DIGITAL LIBRARY
TRANSFORMING A LARGE YELP DATA SET: TECHNIQUES FOR DATA PREPROCESSING, ANALYTICS, AND VISUALIZATION
Marist College (UNITED STATES)
About this paper:
Appears in: INTED2020 Proceedings
Publication year: 2020
Pages: 1239-1244
ISBN: 978-84-09-17939-8
ISSN: 2340-1079
doi: 10.21125/inted.2020.0423
Conference name: 14th International Technology, Education and Development Conference
Dates: 2-4 March, 2020
Location: Valencia, Spain
Abstract:
Data mining and analytics are thriving fields seeking to extract meaning from the immense collections of data generated by daily online activity. This collaborative research experience with undergraduate university students and a faculty mentor focuses on data acquisition, pre-processing and cleansing processes, as well as analytical and visualization techniques, using a large data set acquired as part of the Yelp dataset challenge. Yelp is a directory and forum for crowd-sourced reviews of businesses. The data set, obtained from Yelp as collections of JavaScript Object Notation (JSON) objects, includes files on businesses, check-ins, reviews, tips, and users. In total, this data collection included information regarding 85,901 businesses, 61,049 check-ins, 2,685,067 reviews, 648,902 tips, and 686,556 users.

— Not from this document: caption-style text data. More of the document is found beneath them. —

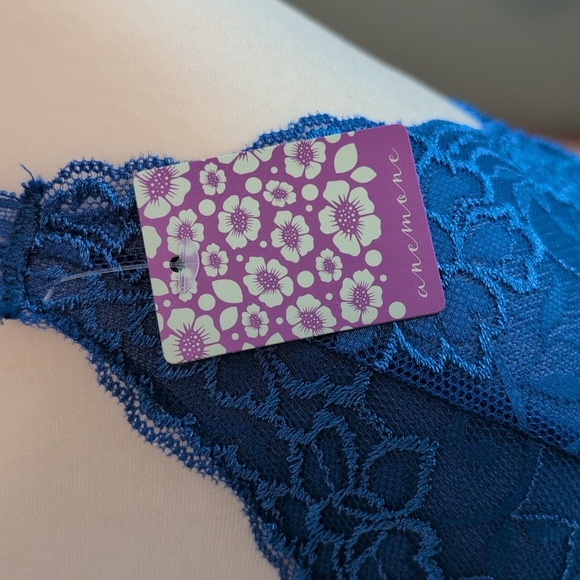 Anemone Cream and Blue Racerback Lace Bralette Set NWT - Picture 3 of 12
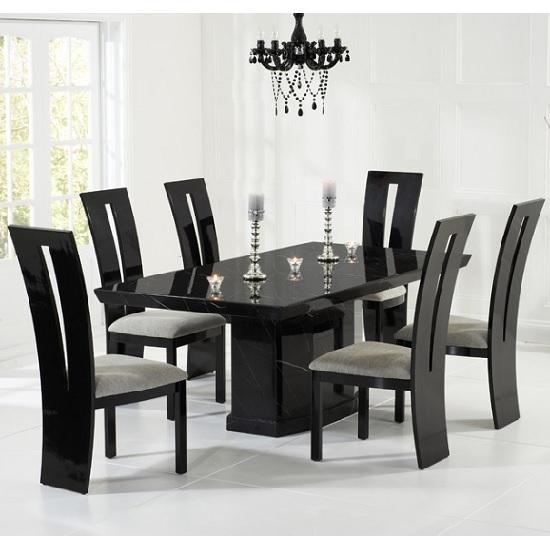 Carvelle Marble Dining Table In Black And 6 Rome Grey Chairs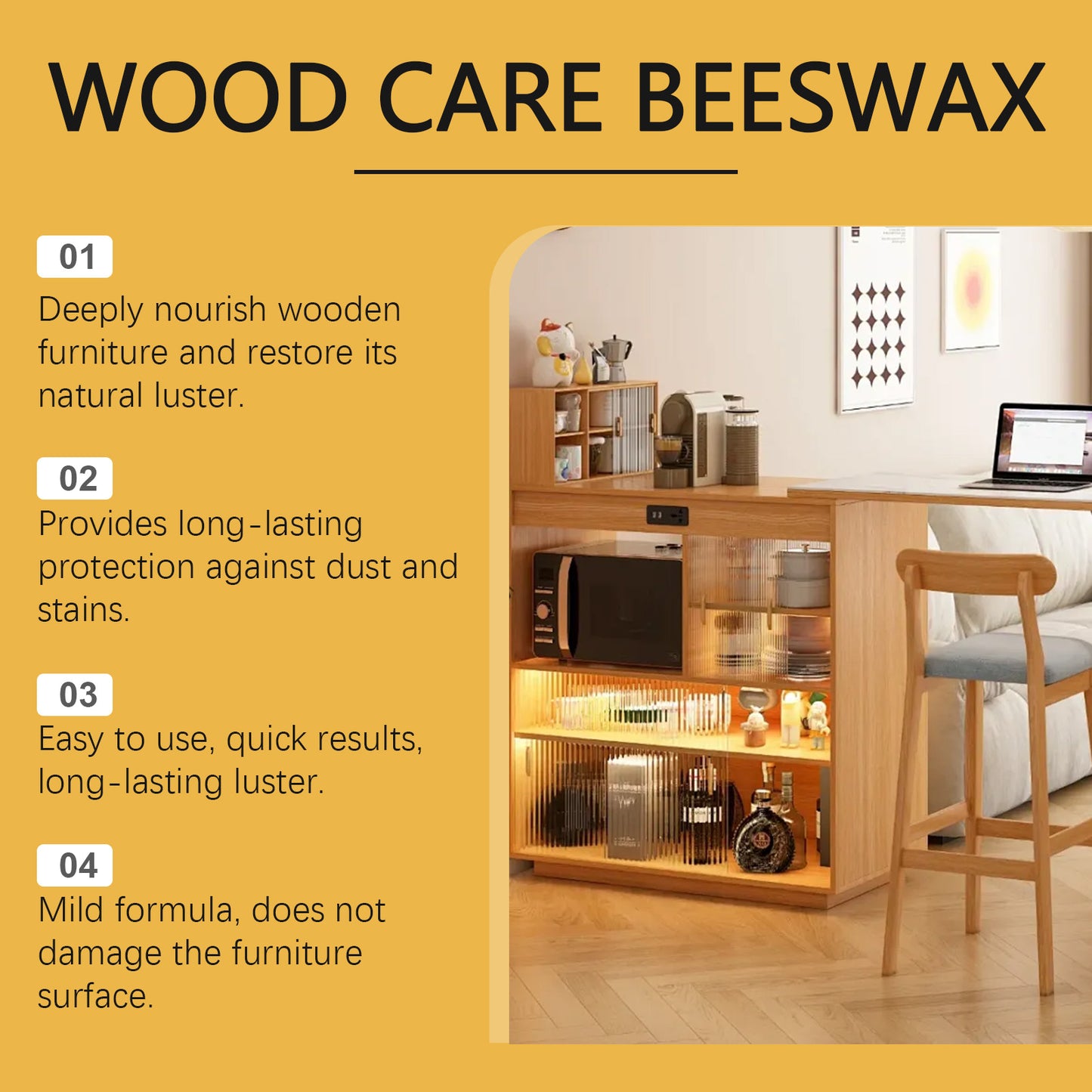 Beeswax Furniture Polishing Paste – Multi-Purpose Home Cleaning & Maintenance Furniture Care Polish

The data files were initially converted into comma separated value (CSV) files through a Python script and then imported into Microsoft Excel to view and sort the records and fields. During the preprocessing phase, data were then reformatted and prepared to account for inconsistencies across the data sets, such as removing null values and deleting extraneous data, enabling a clean data set for subsequent evaluation and analyses.

The data were modeled using an entity-relationship diagram (ERD) and were statistically analyzed using techniques in R and RStudio and Tableau. RStudio, an open-source software suite that facilitates statistical computations using the programming language R, was used to discover correlations and evaluate regression equations for some of the data points in the set. Data were also imported into Tableau, an interactive software suite used for data visualization. Tableau was used to produce intuitive and aesthetically appealing charts, graphs, and dashboards of the variables. The results of RStudio and Tableau aid in demonstrating insights into the various trends embedded in the data.
Keywords:
Data Preprocessing, data analytics, data visualization, undergraduate research experience.